[EXERCISE DIRECTIONS] Within the records below, find the line with "Kristall-Hundehalsband mit bunten" and the line with "Vintage Black Leather", then reproduce exactly those two lines and all lines between them, without any picture.

[Short text fragments from websites]
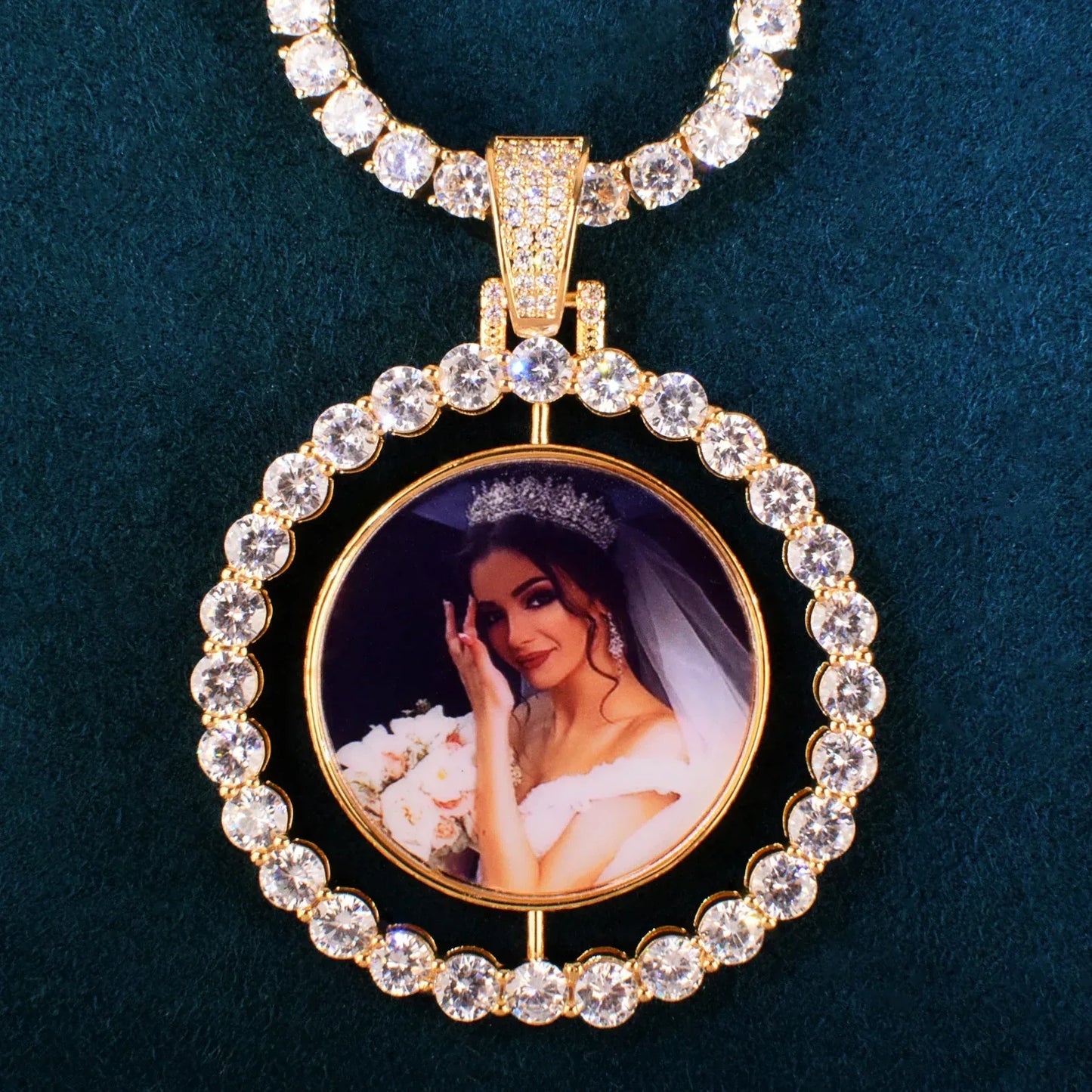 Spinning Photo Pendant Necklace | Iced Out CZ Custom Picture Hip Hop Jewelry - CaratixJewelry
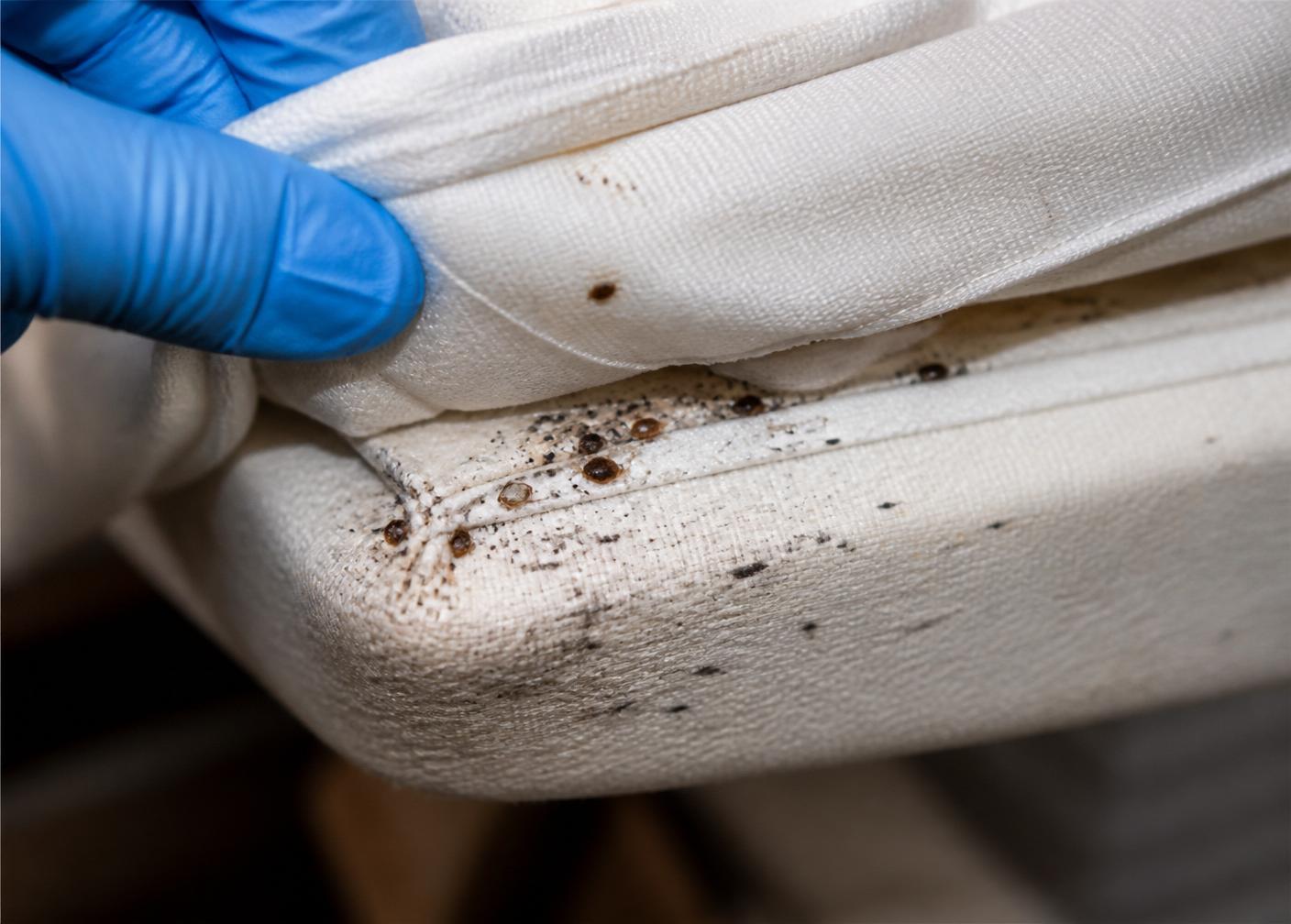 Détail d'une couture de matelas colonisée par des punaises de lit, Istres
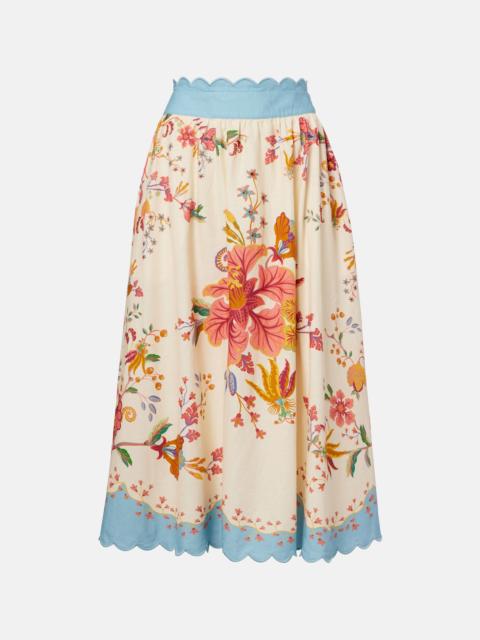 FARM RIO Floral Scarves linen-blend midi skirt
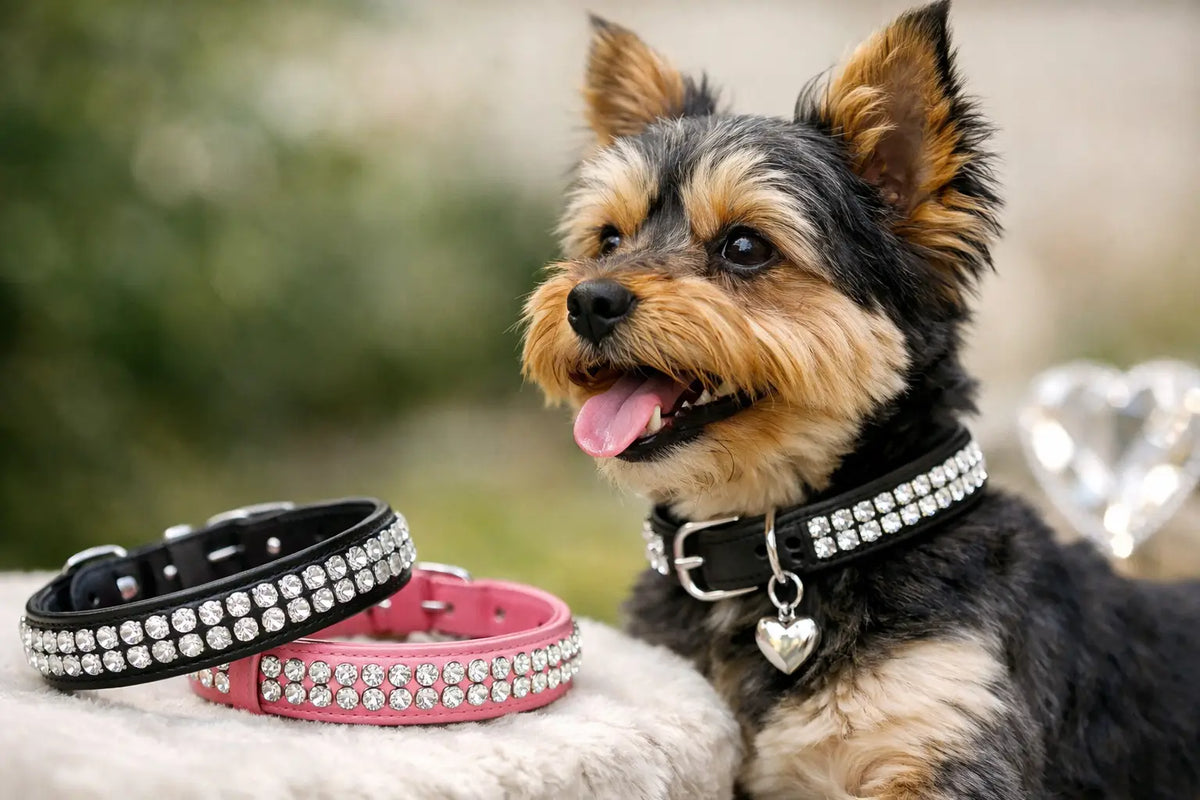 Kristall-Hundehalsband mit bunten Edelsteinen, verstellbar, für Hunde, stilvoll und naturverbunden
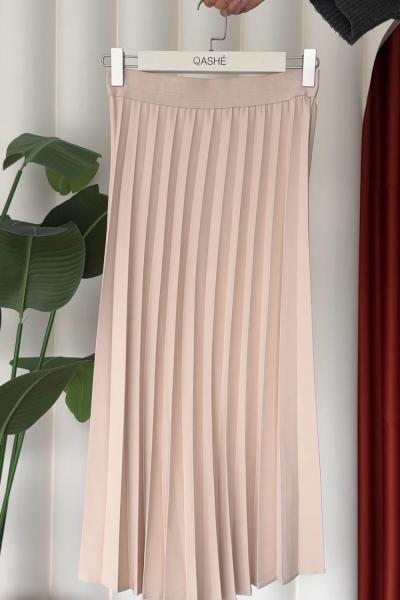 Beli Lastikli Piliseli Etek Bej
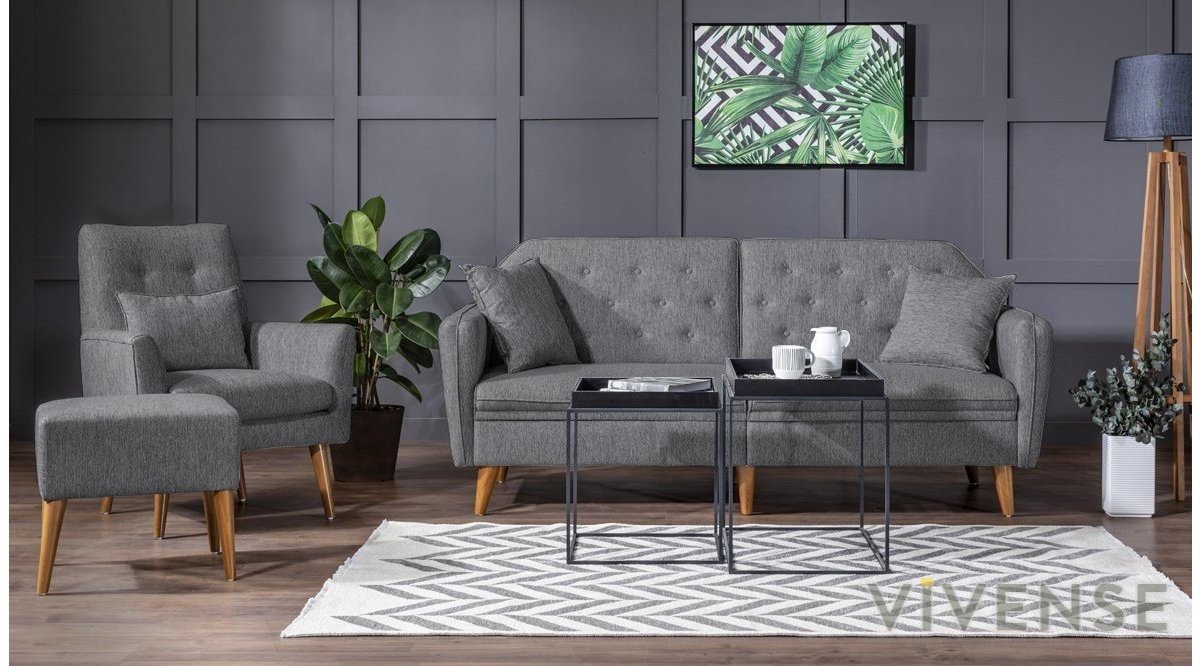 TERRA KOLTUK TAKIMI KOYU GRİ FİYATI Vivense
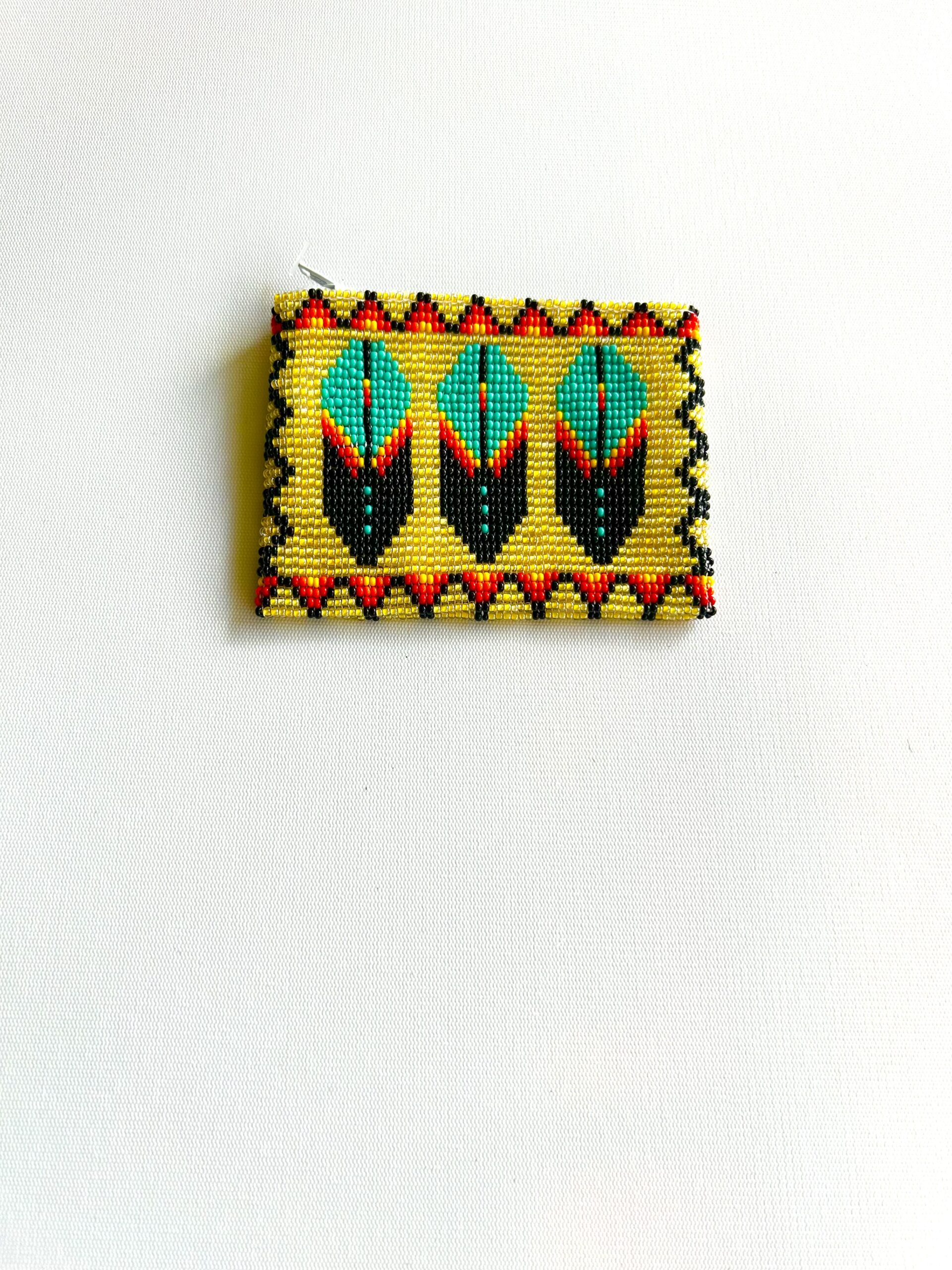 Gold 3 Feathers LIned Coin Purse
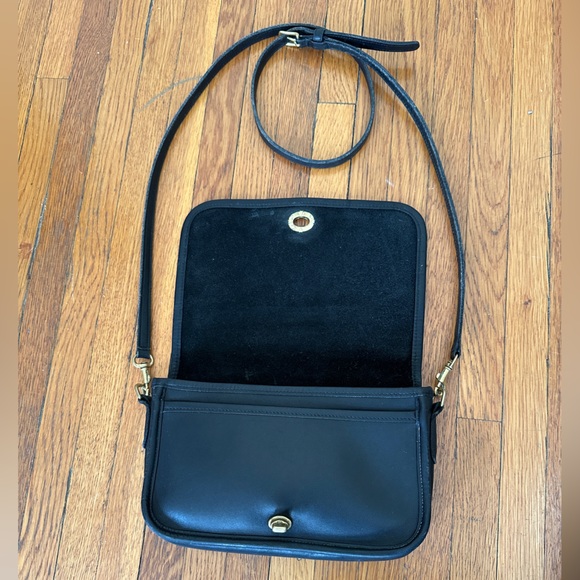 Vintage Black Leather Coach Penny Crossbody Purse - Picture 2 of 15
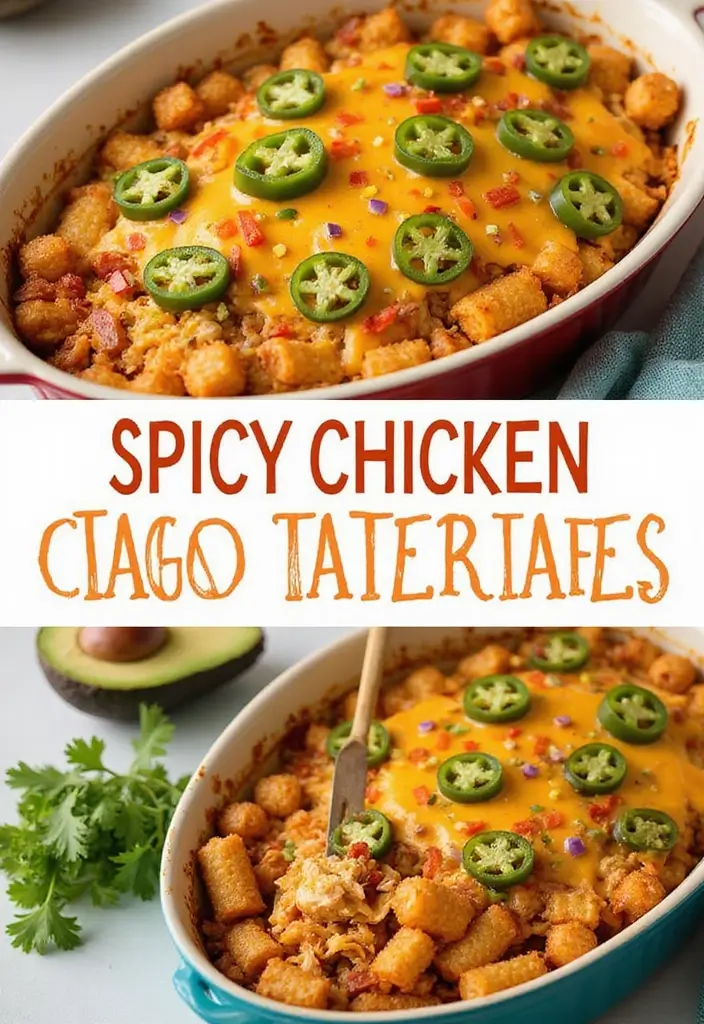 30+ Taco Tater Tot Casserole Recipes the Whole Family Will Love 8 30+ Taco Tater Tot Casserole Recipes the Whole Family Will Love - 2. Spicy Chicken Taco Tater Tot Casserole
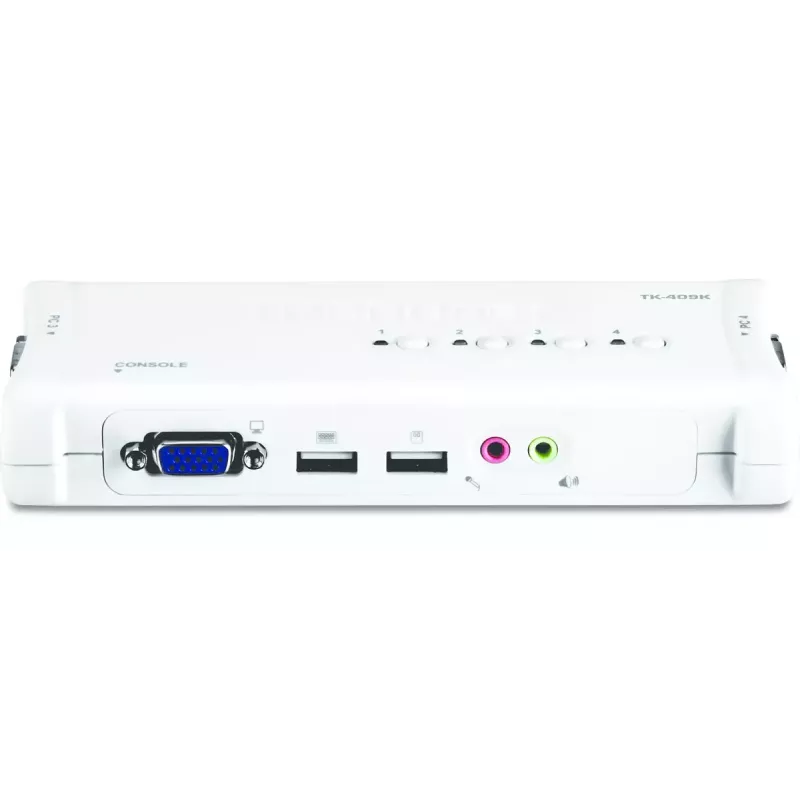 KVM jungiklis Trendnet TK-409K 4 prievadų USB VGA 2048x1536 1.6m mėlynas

[COMPLETED EXERCISE]
 Kristall-Hundehalsband mit bunten Edelsteinen, verstellbar, für Hunde, stilvoll und naturverbunden
 Beli Lastikli Piliseli Etek Bej
 TERRA KOLTUK TAKIMI KOYU GRİ FİYATI Vivense
 Gold 3 Feathers LIned Coin Purse
 Vintage Black Leather Coach Penny Crossbody Purse - Picture 2 of 15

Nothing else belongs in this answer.